- Assigned task -
The line containing "Stylecraft Crochet Cushion Pattern - 9137" marks the start of the required copy, which runs to the final line of the entries; return those lines exactly, without any pictures.

- Records -
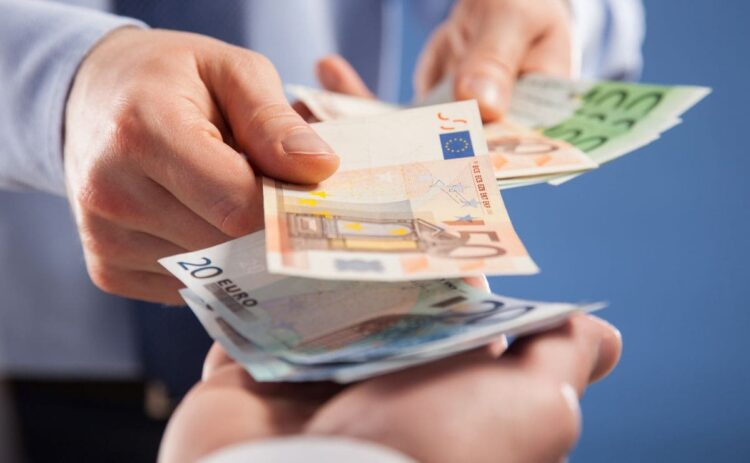Austria ofrece empleo en España, pagando 2.300 euros al mes a los trabajadores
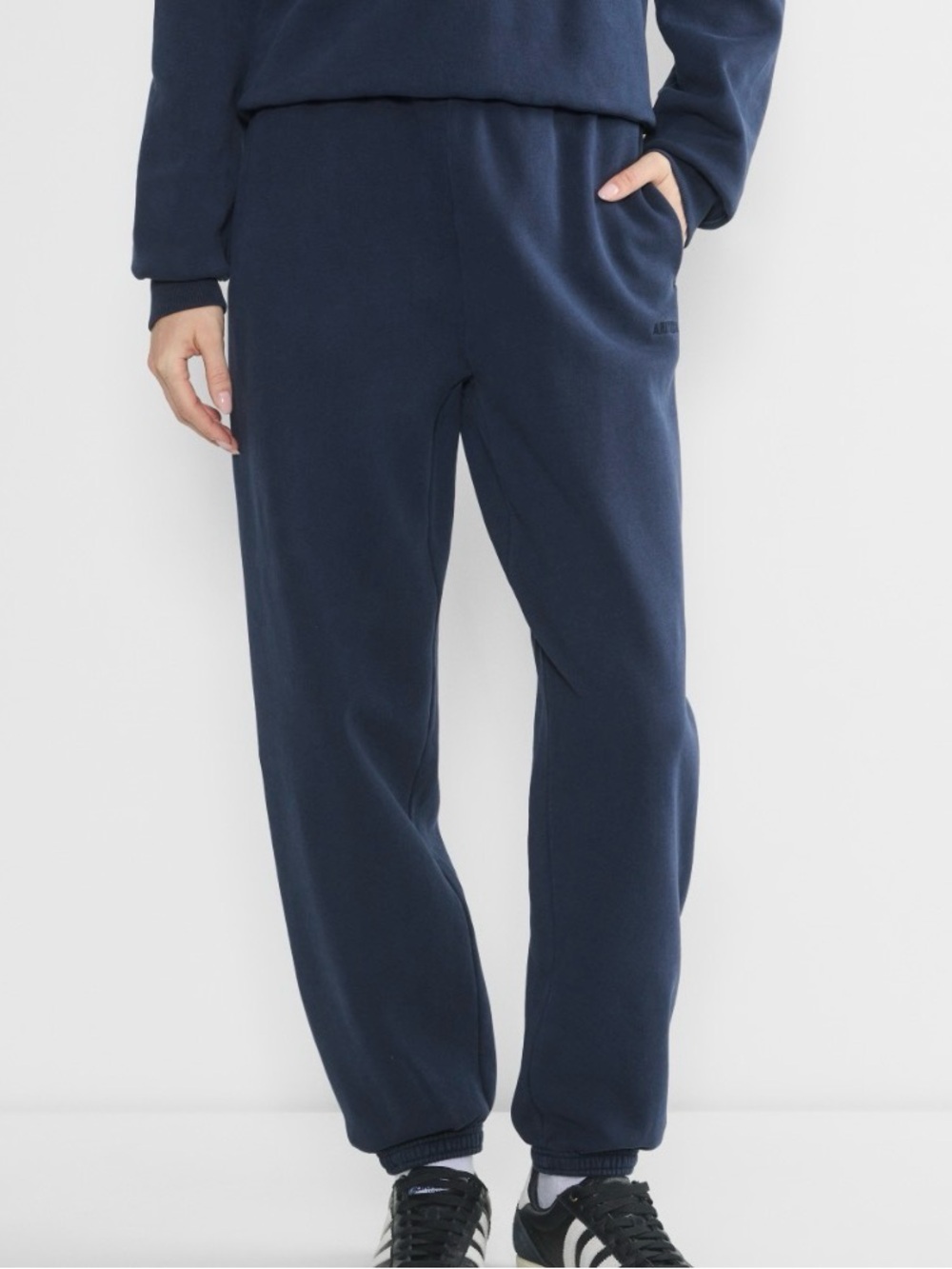Aritzia TNA logo Sweatfleece navy blue sweatpants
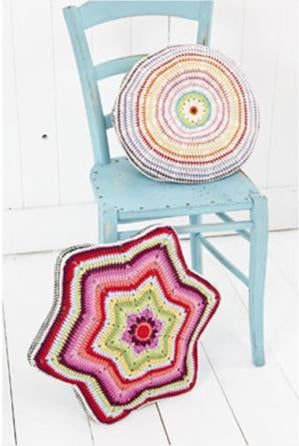 Stylecraft Crochet Cushion Pattern - 9137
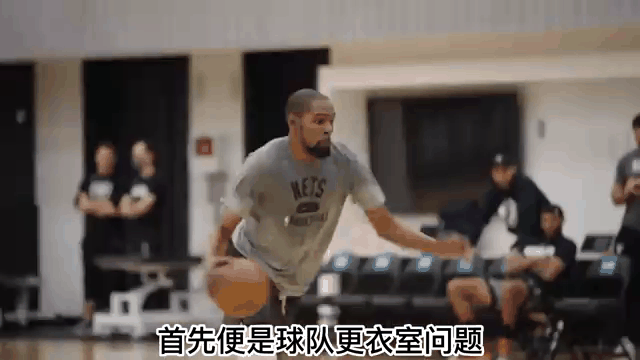热闹转会传闻不断，球队阵容动态更替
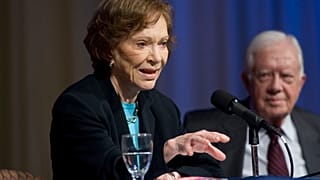 ARQUIVO (2010) Rosalynn Carter, à esquerda, e o marido, o antigo presidente dos EUA Jimmy Carter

- The completed task -
 Stylecraft Crochet Cushion Pattern - 9137
热闹转会传闻不断，球队阵容动态更替
 ARQUIVO (2010) Rosalynn Carter, à esquerda, e o marido, o antigo presidente dos EUA Jimmy Carter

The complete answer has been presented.